Sim, seguimos em contato. Criamos um laço que não pode ser desfeito. É como se fôssemos uma grande família. Nos encontramos, nos falamos, e sempre que possível, estamos juntos para compartilhar nossas vidas. Porque só nós sabemos, de verdade, o que aquilo significou. E quando nos reunimos, não precisamos explicar nada. Basta um olhar.

Por que você decidiu se tornar palestrante e contar essa história para outras pessoas?
No começo, eu não queria falar. Era doloroso demais. Mas com o tempo, percebi que havia um valor em compartilhar. As pessoas me ouviam e se emocionavam. Vi que minha experiência podia inspirar, ensinar. E hoje, quando subo ao palco, tento transmitir não a dor, mas a força que descobrimos em nós mesmos. É uma forma de transformar o trauma em algo positivo.

Que mensagem você gostaria de deixar ao público brasileiro, especialmente aos mais jovens?

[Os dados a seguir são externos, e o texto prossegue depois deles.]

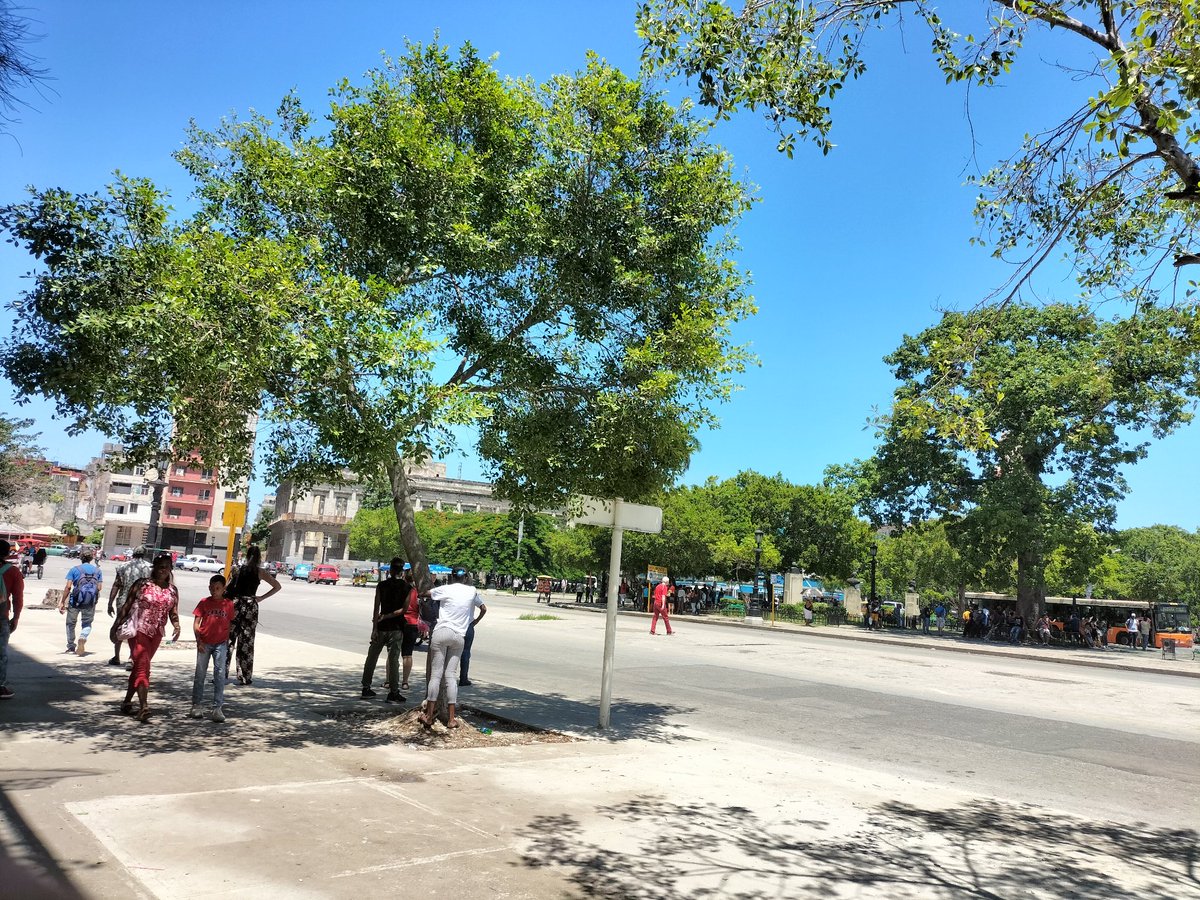 Anaylin99's tweet photo. Desde el corazón de #LaHabana,♥️ el típico ajetreo de domingo🌤️ se complementa con la paz ciudadana que mucho han pretendido quitarnos.
#CubaPorLaPaz 🇨🇺 https://t.co/pdYp1vBpCC
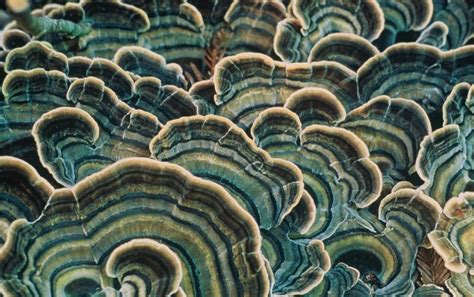 A Poetic, Mind-Bending Tour of the Fungal World - Scientific American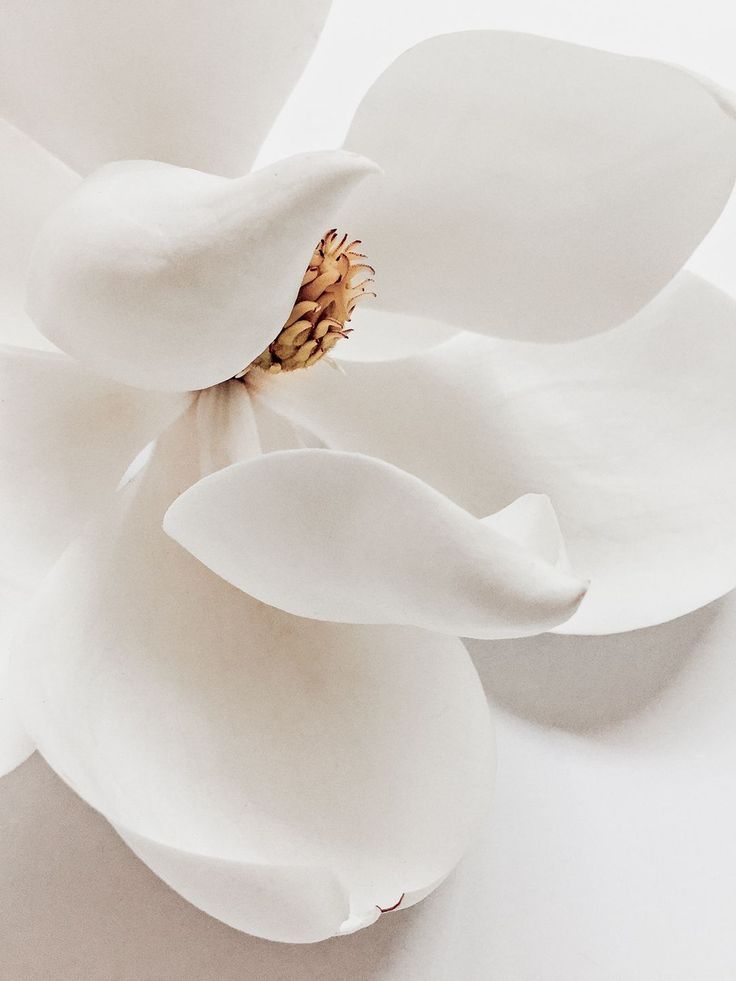 a white flower with yellow stamen on it's center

Gostaria que as pessoas entendessem que a vida, às vezes, impõe desafios impensáveis. Mas sempre há uma força interior que pode nos mover adiante. E que, mesmo nos piores momentos, é a solidariedade, o olhar para o outro, que nos salva. Sozinhos, ninguém consegue. E não precisamos esperar uma tragédia para perceber isso.